Your goal - Here are the records. Write out exactly the lines between the one holding "Our Most Por" and the one holding "Used 2017 RAM 1500 Big Horn AWD/4WD image 40", inclusive.

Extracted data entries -
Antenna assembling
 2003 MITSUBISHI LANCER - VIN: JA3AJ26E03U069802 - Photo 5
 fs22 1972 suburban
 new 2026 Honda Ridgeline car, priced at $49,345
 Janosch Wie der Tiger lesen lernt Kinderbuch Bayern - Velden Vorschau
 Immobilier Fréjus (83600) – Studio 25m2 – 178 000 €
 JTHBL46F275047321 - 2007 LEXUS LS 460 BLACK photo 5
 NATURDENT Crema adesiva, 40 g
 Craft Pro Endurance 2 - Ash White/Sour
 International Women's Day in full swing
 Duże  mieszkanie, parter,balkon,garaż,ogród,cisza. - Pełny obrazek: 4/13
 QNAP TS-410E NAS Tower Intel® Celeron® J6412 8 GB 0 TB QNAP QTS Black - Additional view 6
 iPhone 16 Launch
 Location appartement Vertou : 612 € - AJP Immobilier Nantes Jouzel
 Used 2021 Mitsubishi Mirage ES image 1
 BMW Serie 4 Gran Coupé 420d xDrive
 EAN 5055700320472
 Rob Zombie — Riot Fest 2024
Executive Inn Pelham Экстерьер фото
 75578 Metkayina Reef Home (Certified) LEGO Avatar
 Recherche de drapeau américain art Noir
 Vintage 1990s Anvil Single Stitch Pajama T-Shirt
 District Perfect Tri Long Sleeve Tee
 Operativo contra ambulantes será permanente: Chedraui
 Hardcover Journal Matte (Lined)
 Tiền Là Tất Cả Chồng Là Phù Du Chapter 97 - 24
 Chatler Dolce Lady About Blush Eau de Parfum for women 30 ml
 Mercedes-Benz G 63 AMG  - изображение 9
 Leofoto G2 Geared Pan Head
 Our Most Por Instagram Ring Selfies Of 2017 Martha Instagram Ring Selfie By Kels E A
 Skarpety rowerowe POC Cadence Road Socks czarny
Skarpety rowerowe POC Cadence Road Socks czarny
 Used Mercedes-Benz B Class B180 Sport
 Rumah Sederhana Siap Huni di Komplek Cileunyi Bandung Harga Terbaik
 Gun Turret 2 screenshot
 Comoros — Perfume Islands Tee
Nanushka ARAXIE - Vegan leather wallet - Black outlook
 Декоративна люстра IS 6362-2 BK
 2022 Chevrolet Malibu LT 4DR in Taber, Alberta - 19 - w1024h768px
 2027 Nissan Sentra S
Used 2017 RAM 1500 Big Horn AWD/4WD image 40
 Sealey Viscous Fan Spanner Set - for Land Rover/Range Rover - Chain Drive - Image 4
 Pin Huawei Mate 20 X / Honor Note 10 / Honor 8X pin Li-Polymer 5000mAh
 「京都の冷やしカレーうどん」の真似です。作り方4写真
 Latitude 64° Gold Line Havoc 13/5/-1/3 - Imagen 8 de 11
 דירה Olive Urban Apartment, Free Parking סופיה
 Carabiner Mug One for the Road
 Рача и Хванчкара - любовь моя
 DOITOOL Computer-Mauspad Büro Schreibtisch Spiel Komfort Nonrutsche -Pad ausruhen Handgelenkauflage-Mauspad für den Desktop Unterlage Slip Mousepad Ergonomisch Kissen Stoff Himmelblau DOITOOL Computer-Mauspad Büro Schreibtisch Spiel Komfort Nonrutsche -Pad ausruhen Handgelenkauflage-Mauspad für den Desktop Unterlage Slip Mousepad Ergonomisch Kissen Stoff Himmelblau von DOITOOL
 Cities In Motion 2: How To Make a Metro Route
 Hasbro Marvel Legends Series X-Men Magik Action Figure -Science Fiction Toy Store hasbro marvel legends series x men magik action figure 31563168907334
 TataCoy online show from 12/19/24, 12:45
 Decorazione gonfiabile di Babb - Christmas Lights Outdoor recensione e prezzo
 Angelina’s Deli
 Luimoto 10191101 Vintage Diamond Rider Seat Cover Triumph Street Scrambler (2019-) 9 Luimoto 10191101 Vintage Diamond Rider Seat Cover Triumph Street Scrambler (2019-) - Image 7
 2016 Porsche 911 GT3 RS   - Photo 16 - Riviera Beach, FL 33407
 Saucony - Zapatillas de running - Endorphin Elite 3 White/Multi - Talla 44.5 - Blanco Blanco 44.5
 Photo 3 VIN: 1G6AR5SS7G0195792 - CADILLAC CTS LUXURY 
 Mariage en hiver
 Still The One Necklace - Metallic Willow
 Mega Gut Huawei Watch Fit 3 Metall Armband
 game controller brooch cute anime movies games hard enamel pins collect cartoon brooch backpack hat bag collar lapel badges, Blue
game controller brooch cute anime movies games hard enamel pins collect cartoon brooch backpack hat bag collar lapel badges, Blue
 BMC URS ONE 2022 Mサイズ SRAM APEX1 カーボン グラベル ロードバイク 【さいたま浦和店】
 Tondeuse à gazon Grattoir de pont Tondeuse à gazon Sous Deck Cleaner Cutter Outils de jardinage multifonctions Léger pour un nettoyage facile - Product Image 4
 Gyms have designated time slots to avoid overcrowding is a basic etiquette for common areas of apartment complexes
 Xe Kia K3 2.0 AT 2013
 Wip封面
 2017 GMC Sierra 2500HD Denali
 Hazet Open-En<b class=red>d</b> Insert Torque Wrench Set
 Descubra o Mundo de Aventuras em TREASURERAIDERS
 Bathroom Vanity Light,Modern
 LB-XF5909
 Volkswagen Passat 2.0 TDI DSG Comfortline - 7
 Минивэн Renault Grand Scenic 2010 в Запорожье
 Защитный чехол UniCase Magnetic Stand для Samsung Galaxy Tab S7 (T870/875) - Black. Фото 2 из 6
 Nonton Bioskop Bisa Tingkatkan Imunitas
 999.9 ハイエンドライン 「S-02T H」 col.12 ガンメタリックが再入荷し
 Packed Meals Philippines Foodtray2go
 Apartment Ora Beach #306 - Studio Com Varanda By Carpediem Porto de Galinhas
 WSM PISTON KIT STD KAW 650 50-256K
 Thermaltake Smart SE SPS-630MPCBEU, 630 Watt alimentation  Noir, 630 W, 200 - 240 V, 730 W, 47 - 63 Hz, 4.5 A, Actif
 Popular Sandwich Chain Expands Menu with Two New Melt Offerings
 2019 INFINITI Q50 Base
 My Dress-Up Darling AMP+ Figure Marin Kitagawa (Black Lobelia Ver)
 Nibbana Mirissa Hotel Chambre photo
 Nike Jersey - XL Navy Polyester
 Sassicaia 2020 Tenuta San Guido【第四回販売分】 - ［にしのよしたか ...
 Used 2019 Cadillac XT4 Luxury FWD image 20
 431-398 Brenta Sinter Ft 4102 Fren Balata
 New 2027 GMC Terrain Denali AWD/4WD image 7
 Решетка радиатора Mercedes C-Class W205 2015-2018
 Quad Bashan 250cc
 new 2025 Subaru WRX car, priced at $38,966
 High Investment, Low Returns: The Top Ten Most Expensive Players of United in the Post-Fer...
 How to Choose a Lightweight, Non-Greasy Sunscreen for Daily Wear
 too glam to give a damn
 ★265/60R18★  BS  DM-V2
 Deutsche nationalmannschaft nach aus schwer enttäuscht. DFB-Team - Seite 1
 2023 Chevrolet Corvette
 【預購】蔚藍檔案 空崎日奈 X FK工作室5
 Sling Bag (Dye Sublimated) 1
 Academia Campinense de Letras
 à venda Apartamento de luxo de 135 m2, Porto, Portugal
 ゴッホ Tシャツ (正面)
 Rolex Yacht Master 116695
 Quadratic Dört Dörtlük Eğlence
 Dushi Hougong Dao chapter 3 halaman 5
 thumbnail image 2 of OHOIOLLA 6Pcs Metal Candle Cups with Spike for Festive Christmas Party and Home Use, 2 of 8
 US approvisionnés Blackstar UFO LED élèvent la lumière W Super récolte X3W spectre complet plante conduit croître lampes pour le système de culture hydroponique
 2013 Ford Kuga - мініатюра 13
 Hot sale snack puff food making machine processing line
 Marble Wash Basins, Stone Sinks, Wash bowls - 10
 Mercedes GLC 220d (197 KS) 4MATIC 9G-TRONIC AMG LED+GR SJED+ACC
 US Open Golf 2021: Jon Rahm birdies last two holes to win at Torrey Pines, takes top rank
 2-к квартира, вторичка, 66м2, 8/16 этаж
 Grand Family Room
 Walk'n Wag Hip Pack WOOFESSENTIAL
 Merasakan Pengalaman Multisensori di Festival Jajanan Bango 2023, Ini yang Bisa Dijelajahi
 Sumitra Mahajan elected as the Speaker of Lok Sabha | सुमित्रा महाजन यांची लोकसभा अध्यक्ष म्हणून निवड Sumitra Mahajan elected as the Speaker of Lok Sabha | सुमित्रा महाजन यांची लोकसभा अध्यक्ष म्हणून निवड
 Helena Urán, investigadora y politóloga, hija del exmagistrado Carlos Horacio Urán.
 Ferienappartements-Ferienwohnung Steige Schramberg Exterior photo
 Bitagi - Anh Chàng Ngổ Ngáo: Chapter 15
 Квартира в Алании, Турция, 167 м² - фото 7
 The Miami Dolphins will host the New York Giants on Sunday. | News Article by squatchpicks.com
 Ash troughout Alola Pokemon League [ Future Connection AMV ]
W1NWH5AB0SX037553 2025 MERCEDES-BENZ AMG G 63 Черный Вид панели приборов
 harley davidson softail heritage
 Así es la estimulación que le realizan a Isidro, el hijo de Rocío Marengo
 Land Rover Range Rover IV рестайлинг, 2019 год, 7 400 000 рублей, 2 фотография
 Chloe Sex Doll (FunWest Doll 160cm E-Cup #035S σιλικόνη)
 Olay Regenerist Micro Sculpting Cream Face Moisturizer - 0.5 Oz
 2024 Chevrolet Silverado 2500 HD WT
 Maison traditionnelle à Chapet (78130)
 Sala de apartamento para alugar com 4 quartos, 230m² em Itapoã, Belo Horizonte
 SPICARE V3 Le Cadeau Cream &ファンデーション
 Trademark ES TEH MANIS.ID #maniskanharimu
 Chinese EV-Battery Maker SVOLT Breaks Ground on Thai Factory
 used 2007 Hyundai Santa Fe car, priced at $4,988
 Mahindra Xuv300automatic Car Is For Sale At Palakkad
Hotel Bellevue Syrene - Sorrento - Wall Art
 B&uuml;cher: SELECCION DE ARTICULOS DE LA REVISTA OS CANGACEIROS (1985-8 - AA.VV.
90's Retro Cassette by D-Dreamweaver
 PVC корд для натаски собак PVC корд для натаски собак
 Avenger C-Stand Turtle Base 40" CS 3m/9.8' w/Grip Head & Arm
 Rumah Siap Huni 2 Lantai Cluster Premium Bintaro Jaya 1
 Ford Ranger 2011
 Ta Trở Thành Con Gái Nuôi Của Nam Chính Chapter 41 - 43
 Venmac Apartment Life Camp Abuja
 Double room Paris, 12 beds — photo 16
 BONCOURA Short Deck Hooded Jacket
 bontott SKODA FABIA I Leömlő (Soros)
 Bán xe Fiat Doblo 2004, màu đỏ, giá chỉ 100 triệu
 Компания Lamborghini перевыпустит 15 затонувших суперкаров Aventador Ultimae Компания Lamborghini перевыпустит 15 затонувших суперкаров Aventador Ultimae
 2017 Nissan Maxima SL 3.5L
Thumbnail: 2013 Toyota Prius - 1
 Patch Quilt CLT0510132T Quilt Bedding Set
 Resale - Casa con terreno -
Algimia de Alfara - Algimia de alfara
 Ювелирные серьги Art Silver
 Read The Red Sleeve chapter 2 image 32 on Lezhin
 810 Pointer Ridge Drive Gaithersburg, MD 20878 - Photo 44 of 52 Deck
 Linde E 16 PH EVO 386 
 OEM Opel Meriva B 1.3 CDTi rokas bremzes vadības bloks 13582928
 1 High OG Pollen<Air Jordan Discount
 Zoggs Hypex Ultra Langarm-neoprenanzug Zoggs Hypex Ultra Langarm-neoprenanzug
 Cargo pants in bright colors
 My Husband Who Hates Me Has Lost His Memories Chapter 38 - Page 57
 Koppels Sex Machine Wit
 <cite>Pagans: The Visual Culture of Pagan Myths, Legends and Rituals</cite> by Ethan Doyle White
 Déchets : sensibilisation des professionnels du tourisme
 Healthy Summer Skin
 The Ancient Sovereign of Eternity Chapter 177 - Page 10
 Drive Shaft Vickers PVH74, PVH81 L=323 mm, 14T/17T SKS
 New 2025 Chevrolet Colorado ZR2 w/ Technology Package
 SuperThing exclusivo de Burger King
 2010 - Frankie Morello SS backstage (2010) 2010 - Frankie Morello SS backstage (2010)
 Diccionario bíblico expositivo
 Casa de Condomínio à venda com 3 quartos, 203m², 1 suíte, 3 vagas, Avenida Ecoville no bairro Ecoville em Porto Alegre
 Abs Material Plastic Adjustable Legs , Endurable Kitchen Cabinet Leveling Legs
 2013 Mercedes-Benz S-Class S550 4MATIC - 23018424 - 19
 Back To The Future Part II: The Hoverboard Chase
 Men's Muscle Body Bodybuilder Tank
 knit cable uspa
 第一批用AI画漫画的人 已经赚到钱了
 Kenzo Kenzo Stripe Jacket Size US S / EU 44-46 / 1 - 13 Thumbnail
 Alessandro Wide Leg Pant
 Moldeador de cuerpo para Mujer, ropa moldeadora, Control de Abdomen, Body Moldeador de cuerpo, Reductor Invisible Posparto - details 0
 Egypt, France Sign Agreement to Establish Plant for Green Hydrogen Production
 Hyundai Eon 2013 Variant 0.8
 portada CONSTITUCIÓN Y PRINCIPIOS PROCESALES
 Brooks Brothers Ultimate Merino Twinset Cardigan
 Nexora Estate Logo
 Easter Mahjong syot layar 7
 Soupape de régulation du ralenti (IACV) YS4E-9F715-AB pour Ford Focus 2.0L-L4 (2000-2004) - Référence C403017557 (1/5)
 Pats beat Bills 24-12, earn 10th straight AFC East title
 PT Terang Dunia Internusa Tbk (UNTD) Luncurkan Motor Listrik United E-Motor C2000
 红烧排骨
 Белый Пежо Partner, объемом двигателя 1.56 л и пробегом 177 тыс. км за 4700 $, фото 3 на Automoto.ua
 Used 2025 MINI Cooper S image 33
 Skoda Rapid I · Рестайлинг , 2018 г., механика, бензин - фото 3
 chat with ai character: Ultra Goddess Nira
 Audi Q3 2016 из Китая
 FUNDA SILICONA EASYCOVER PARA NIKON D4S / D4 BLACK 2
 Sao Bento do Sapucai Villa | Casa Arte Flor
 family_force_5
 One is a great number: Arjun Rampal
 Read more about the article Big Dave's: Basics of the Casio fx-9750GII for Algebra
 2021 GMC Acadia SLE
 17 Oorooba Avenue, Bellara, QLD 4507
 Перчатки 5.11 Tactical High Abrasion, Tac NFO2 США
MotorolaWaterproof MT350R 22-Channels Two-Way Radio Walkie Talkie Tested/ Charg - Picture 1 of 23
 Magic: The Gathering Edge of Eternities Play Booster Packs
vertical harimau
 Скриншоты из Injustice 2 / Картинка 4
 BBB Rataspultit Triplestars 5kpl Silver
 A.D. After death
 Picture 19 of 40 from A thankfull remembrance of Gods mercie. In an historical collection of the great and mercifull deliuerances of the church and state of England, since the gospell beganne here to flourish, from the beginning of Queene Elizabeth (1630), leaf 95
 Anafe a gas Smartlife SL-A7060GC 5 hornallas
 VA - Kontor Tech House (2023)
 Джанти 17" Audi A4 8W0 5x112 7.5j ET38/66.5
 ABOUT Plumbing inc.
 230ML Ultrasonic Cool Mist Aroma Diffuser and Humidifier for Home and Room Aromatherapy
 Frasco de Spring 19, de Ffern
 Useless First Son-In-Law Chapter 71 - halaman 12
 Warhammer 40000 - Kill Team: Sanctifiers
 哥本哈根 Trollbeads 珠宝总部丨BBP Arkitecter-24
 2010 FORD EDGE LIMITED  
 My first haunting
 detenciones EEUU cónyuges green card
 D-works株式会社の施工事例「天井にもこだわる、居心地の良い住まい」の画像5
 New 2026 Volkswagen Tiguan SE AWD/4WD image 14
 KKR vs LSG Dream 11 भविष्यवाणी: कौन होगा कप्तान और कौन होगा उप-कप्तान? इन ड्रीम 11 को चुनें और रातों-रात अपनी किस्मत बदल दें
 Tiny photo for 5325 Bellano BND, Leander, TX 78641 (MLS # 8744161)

Result below -
 Our Most Por Instagram Ring Selfies Of 2017 Martha Instagram Ring Selfie By Kels E A
 Skarpety rowerowe POC Cadence Road Socks czarny
Skarpety rowerowe POC Cadence Road Socks czarny
 Used Mercedes-Benz B Class B180 Sport
 Rumah Sederhana Siap Huni di Komplek Cileunyi Bandung Harga Terbaik
 Gun Turret 2 screenshot
 Comoros — Perfume Islands Tee
Nanushka ARAXIE - Vegan leather wallet - Black outlook
 Декоративна люстра IS 6362-2 BK
 2022 Chevrolet Malibu LT 4DR in Taber, Alberta - 19 - w1024h768px
 2027 Nissan Sentra S
Used 2017 RAM 1500 Big Horn AWD/4WD image 40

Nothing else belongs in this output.